→ What is being asked
The answer is to be the lines below that lie between the line holding "Två par kostymbyxor i" and the line holding "Close-up of multi", inclusive, transcribed exactly and free of pictures.
Records for this task below:
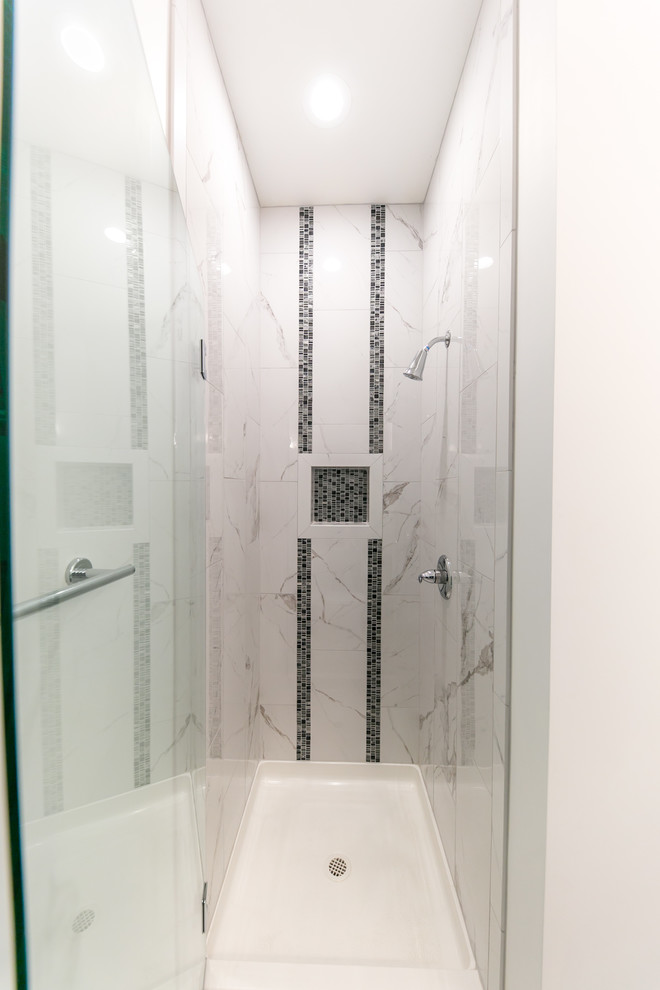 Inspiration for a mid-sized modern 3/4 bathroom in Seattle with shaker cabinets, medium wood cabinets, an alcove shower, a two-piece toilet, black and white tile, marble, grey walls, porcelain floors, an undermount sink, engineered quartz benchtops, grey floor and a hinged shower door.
End of Records for this task.
Records for this task below:
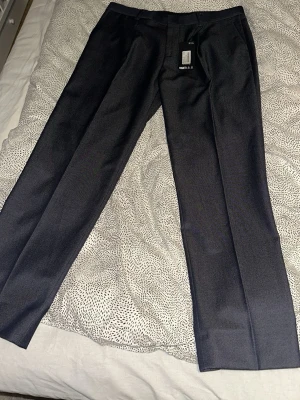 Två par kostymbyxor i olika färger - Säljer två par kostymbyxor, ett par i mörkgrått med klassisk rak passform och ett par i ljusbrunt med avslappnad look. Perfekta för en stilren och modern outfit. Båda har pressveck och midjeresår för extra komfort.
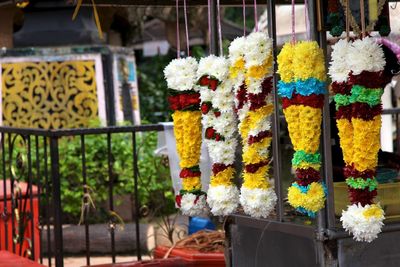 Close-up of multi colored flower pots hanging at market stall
End of Records for this task.
→ Task answer
 Två par kostymbyxor i olika färger - Säljer två par kostymbyxor, ett par i mörkgrått med klassisk rak passform och ett par i ljusbrunt med avslappnad look. Perfekta för en stilren och modern outfit. Båda har pressveck och midjeresår för extra komfort.
 Close-up of multi colored flower pots hanging at market stall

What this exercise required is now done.